Standardized dialect

  • In Republic of Korea: 표준어, based on Seoul dialect. (ko-KR)
    • dictionary: 표준국어대사전. 국립국어원. 1999. (about 500,000 vocabularies)
  • In Democratic People's Republic of Korea: 문화어, based on P'yŏngyang dialect. (ko-KP)
    • dictionary: 조선말대사전. 사회과학원 언어학연구소. 2007. (about 400,000 vocabularies)

Writing system

Hangeul

한글(Hangeul or Hangul) is the unique writing system of Korean, which was created and promulgated by by King Sejong of Joseon Dynasty, a historic kingdom of Korea. It was completed in late 1443 and published with a book titled HunMinJeongEum in 1446.

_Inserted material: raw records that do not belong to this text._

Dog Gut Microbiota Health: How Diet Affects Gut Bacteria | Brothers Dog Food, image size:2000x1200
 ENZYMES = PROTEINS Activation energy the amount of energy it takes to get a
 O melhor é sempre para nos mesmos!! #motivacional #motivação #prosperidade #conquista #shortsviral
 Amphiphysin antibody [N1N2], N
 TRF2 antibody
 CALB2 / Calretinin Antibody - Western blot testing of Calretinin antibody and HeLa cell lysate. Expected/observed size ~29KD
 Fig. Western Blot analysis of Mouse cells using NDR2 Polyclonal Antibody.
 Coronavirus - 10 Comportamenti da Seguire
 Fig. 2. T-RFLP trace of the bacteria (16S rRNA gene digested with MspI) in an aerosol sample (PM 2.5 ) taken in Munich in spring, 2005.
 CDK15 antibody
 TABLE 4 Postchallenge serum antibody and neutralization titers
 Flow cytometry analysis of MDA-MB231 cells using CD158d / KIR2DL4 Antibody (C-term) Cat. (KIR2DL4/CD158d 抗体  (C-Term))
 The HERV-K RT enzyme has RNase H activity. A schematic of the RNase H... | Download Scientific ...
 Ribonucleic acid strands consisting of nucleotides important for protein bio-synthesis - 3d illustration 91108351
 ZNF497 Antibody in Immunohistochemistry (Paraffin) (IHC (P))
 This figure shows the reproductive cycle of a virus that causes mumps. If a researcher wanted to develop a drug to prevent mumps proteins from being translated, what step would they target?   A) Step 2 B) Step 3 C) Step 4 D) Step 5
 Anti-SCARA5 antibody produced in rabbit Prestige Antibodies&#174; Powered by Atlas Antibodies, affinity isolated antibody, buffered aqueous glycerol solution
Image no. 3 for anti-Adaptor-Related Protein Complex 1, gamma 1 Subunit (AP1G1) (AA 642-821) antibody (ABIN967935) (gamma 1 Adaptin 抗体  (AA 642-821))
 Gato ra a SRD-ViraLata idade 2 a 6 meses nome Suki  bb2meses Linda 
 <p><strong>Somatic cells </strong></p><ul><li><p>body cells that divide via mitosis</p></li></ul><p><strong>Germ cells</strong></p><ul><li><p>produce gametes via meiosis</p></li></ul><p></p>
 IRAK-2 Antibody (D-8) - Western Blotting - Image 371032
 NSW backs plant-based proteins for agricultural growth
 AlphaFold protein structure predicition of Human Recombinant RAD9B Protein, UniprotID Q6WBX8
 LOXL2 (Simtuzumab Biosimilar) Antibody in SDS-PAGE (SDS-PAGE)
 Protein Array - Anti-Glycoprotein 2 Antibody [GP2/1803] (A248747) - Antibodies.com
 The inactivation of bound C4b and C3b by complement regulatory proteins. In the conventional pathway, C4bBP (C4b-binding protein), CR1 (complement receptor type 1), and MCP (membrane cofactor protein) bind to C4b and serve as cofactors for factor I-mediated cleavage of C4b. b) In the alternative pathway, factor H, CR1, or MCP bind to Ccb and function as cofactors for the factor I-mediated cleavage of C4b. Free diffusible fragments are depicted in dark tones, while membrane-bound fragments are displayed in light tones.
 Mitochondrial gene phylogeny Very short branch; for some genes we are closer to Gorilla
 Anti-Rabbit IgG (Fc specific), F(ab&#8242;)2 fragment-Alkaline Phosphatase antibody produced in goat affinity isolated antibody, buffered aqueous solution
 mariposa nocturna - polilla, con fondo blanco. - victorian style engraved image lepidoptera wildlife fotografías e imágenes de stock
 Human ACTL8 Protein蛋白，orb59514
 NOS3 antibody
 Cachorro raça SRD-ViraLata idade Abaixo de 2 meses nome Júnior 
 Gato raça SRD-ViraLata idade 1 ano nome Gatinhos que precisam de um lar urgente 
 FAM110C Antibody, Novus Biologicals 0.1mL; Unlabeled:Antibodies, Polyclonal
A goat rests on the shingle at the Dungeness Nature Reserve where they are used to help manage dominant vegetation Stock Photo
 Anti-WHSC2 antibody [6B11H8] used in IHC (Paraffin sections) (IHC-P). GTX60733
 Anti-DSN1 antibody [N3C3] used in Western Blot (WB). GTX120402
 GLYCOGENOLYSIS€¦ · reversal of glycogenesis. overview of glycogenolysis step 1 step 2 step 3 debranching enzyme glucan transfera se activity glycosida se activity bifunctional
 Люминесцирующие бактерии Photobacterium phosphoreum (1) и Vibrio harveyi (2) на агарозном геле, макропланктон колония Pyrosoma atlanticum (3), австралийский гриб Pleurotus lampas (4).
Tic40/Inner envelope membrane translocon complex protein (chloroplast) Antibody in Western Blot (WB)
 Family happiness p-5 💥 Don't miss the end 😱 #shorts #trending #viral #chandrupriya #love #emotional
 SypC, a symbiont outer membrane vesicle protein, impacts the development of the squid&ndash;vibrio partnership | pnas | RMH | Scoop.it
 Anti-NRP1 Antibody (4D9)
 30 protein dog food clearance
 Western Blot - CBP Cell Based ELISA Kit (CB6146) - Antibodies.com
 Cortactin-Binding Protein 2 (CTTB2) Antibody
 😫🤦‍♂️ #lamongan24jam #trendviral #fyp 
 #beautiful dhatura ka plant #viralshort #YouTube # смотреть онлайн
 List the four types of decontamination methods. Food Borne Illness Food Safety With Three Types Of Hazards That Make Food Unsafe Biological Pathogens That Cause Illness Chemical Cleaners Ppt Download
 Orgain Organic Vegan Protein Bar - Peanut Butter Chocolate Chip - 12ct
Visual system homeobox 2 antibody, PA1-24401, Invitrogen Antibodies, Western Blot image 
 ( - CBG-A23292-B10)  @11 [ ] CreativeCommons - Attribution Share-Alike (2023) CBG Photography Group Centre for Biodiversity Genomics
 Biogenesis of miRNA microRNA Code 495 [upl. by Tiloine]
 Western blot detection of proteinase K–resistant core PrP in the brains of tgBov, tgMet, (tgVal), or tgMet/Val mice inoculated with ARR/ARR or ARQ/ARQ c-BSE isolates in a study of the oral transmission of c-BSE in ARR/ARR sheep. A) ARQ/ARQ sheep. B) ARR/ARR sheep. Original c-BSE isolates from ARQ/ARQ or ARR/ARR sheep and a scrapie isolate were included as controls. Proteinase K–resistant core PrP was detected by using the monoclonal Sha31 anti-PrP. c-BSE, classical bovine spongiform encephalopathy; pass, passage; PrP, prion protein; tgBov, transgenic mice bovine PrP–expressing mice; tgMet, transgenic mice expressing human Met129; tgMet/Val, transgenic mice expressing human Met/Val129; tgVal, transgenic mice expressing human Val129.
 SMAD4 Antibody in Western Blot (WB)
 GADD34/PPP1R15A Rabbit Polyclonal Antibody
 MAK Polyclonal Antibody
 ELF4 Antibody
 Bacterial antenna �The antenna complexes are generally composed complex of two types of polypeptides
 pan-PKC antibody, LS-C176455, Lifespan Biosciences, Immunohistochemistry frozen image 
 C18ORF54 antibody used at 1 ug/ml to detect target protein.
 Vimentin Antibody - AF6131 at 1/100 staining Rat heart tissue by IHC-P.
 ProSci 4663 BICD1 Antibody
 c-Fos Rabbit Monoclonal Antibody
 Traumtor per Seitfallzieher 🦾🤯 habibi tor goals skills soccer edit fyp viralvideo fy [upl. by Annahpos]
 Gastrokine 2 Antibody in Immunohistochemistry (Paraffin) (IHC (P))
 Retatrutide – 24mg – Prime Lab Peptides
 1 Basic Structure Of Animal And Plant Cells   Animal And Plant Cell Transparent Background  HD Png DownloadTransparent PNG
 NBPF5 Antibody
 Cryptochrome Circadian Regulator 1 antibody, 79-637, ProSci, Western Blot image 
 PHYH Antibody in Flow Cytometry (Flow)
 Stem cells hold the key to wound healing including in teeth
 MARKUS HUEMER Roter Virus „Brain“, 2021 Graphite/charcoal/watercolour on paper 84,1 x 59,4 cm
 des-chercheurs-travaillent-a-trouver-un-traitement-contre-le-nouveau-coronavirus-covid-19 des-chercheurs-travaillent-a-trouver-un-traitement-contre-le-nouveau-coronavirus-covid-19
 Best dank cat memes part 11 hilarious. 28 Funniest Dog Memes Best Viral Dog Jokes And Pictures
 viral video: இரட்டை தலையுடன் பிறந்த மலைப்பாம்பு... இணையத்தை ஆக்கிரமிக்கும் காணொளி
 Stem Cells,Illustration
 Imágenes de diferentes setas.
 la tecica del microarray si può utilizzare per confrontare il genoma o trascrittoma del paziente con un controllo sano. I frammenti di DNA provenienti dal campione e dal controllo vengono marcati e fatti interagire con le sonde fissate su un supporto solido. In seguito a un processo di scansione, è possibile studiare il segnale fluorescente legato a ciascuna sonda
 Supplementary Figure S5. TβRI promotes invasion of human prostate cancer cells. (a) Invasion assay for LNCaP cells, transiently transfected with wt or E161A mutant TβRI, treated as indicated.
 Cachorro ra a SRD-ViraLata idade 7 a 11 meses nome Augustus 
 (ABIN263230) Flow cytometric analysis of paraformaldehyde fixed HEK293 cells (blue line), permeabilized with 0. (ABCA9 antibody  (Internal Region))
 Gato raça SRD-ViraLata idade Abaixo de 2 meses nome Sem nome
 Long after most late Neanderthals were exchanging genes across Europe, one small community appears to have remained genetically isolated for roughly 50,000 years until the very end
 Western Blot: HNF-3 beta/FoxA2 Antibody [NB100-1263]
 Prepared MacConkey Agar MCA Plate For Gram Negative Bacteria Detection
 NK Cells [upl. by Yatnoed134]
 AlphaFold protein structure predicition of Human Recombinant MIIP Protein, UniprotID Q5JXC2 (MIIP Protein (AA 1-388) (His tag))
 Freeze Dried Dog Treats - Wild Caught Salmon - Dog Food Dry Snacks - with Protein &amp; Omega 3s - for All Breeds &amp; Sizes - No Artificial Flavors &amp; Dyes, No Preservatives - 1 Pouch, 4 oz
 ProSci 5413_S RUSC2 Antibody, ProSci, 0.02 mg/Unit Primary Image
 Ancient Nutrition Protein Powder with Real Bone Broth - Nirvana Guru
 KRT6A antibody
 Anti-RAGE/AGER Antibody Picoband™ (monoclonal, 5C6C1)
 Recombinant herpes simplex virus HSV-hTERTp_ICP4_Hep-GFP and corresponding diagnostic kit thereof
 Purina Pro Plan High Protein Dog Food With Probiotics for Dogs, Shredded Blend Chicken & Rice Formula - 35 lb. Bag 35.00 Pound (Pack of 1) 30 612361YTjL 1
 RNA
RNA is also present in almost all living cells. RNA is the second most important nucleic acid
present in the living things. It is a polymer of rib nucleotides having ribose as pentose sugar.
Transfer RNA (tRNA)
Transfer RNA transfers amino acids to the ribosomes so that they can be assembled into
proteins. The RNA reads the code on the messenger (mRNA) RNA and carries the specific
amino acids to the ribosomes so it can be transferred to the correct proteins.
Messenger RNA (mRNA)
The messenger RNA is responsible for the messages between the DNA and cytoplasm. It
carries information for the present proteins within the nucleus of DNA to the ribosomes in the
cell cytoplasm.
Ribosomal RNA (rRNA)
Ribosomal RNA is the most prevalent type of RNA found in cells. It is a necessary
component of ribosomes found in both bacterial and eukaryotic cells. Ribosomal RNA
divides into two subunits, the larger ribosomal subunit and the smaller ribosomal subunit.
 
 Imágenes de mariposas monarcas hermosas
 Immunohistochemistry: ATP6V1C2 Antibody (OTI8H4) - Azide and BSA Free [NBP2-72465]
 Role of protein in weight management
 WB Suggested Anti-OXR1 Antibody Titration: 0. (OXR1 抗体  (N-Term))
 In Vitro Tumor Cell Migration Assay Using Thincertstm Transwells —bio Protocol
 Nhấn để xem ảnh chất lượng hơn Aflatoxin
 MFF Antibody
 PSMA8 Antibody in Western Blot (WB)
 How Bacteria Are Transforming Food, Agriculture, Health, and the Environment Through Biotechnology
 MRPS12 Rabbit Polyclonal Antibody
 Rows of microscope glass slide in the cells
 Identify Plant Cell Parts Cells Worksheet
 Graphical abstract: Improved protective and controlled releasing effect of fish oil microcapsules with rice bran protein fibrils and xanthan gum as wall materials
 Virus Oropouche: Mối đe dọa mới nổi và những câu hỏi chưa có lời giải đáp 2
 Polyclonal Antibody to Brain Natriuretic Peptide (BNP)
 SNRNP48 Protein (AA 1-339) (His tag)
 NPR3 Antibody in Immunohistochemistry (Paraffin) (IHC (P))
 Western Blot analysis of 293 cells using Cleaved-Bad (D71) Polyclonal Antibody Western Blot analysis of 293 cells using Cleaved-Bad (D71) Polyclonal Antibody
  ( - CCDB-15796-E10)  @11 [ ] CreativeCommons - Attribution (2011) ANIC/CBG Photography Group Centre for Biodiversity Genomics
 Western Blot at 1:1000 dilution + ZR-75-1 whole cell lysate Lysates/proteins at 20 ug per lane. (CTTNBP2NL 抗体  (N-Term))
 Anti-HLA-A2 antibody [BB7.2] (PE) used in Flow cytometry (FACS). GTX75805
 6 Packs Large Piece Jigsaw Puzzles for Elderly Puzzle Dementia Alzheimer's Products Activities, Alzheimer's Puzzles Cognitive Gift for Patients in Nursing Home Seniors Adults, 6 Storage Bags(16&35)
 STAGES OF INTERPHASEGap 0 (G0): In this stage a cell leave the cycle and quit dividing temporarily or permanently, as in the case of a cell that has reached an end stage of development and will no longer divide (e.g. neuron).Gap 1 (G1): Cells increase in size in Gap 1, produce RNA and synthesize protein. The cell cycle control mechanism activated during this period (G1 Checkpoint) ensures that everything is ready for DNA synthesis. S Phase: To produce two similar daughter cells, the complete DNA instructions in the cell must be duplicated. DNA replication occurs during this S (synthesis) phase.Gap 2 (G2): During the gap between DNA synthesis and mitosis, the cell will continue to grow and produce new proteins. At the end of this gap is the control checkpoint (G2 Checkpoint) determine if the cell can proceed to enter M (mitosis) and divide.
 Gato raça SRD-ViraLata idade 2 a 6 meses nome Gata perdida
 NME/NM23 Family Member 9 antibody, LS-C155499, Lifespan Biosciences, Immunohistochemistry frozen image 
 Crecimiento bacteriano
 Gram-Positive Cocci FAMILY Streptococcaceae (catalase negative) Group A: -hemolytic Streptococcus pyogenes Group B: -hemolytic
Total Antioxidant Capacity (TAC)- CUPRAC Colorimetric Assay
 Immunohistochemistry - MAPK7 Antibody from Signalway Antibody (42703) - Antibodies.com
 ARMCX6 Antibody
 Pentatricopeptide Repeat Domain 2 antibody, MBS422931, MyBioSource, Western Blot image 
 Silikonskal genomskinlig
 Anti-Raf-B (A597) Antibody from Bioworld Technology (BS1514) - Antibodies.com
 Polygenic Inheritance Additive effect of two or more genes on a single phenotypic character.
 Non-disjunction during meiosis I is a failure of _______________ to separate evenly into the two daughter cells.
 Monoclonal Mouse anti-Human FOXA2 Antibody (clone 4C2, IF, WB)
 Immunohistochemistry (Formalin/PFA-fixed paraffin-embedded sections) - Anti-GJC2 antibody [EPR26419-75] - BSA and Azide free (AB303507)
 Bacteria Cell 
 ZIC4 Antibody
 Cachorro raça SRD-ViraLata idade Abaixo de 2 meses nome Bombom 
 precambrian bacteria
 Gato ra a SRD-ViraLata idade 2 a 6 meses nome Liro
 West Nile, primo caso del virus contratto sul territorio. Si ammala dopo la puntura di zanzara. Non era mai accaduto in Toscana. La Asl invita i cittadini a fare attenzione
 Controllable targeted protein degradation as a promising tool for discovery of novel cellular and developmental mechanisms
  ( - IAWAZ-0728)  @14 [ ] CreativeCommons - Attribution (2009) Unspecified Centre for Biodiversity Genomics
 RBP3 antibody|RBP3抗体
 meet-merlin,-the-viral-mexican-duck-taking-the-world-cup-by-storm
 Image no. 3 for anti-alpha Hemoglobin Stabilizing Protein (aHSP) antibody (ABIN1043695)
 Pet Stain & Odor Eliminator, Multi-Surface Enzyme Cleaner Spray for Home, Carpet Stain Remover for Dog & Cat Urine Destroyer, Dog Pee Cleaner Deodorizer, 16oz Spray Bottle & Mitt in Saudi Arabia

It is a featural script and has hybrid feature of alphabet and Syllabary. Each letter of Hangul is alphabetic but it is always used in a syllabic block, not alone. Therefore, 2 or more letters should be grouped as one character to represent elements of the Korean language.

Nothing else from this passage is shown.